Earlier this week, the magazine Prospect published an article about the FBI's surveillance of (and theft of notebooks from!) Jean-Paul Sartre and Albert Camus. J. Edgar Hoover initially unleashed his hounds on "ALBERT CANUS" before one of his guys gently corrected him, saying the mistake was totally understandable and that "Canus" was probably just an alias.

The story is mostly a lark through a silly moment in surveillance history, but it has surprising passages about FBI agents playing intellectual detectives, parsing the philosophers' work for traces of Marxism and attending lectures. An enterprising grad student could make a project of thinking about a newly discovered FBI school of critical theory.

The philosophers' attitudes towards surveillance is also illuminating:

Sartre expected to be spied on. But he was never undercover. He valued total transparency. Hence his scorn for the Freudian unconscious and his anticipation and appreciation of the role that visibility plays in celebrity culture. Sartre proved a mystery to the FBI: it was impossible to steal information from him because he was desperate to give it away.
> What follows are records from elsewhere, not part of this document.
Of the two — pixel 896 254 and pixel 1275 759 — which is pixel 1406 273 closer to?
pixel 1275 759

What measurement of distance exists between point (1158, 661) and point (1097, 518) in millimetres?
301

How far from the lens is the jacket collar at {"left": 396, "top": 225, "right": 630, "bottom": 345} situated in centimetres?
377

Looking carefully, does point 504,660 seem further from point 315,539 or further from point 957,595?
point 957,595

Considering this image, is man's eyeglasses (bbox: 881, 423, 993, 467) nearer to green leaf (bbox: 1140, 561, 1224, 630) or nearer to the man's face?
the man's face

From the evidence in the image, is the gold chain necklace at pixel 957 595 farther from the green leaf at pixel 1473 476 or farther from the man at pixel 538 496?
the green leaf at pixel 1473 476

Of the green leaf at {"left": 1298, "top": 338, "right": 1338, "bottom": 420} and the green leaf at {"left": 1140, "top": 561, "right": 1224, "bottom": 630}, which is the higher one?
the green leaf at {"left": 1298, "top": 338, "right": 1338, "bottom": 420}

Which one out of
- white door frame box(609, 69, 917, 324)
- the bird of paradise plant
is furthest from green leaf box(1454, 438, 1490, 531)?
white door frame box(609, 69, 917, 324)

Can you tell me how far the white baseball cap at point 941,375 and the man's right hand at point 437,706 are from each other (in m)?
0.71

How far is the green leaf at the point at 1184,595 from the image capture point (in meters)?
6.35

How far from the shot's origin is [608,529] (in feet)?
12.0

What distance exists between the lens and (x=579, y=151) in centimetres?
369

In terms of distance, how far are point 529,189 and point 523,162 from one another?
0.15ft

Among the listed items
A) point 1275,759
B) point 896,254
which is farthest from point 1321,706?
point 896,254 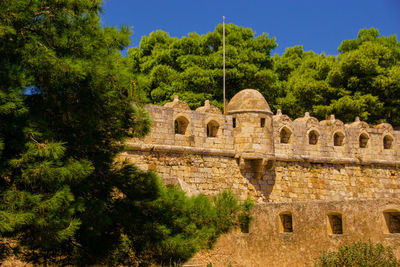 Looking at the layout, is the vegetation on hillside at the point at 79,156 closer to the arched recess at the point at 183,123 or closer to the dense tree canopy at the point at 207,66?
the arched recess at the point at 183,123

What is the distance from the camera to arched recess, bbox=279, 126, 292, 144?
1950cm

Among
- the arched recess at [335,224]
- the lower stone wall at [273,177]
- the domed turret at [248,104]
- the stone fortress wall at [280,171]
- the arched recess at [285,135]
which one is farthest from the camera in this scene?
the arched recess at [285,135]

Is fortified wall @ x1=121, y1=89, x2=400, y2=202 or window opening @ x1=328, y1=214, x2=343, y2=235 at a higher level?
fortified wall @ x1=121, y1=89, x2=400, y2=202

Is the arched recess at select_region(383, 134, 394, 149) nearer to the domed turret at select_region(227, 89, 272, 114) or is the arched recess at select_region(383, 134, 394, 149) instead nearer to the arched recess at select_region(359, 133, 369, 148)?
the arched recess at select_region(359, 133, 369, 148)

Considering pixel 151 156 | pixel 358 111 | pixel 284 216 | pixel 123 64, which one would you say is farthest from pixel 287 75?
pixel 123 64

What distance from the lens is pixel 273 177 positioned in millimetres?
18703

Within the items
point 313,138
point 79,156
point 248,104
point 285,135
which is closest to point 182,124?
point 248,104

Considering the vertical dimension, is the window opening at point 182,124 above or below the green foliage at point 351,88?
below

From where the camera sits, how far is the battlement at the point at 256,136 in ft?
54.6

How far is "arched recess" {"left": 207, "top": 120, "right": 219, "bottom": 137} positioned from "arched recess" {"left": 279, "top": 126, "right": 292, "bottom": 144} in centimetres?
264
Even so, after a quarter century of puzzling over his work, noting his links with Che, Russell, the Black Panthers, and the anti-Vietnam War movement they had to conclude, in their 1970 synopsis of his oeuvre, that, on the one hand, he can be “described as pro-communist” (and “encouraged youth to believe in nothing spiritual”) while at the same time is “also described by some sources as anti-communist.”

Camus, following in Sartre’s footsteps in 1946, was held briefly by immigration owing to Hoover’s stop notice. In contrast to Sartre, Camus proposed an aesthetics of discretion and privacy. Whereas Sartre tended towards a maximization of information, to the point of obscenity, Camus believed that there can be such a thing as too much information...
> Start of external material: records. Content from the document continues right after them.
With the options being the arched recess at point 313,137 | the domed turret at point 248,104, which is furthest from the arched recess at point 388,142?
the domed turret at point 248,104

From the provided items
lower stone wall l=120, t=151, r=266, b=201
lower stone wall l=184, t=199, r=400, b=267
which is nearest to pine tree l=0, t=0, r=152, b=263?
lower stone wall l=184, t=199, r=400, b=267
Narrative, philosophy, and espionage share a common genesis: they arise out a lack of information. Sartre’s expectation of a world of total information would kill them all stone dead. There would be no need of the FBI, novelists, or French philosophers. Existentialism and Absurdism insist on an asymmetry between being and information. Agent James M. Underhill, who heroically pursued the elusive “Albert Canus,” encapsulated the theory in a resonant phrase: “The file does not show the final disposition.”
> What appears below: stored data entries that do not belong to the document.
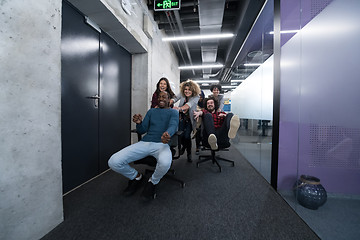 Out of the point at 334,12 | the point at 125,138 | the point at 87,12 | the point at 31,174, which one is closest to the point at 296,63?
the point at 334,12

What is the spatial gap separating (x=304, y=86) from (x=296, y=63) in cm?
27

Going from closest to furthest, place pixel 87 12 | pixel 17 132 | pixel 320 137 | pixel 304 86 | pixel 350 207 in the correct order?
pixel 17 132
pixel 350 207
pixel 320 137
pixel 304 86
pixel 87 12

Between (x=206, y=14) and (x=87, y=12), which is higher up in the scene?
(x=206, y=14)

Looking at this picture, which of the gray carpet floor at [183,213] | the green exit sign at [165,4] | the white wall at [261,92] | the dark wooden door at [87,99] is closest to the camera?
the gray carpet floor at [183,213]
But my favorite tidbit from the story is this:

One of the agents, having stolen some notebooks and diaries (“obtained from the personal effects”) in early 1945, complains that this “material [is] all in French...”

An FBI agent steals private, unpublished notebooks from Sartre and Camus—a great literary find!—and complains that they're in French.

Très absurde.

Thanks to Luke for the tip.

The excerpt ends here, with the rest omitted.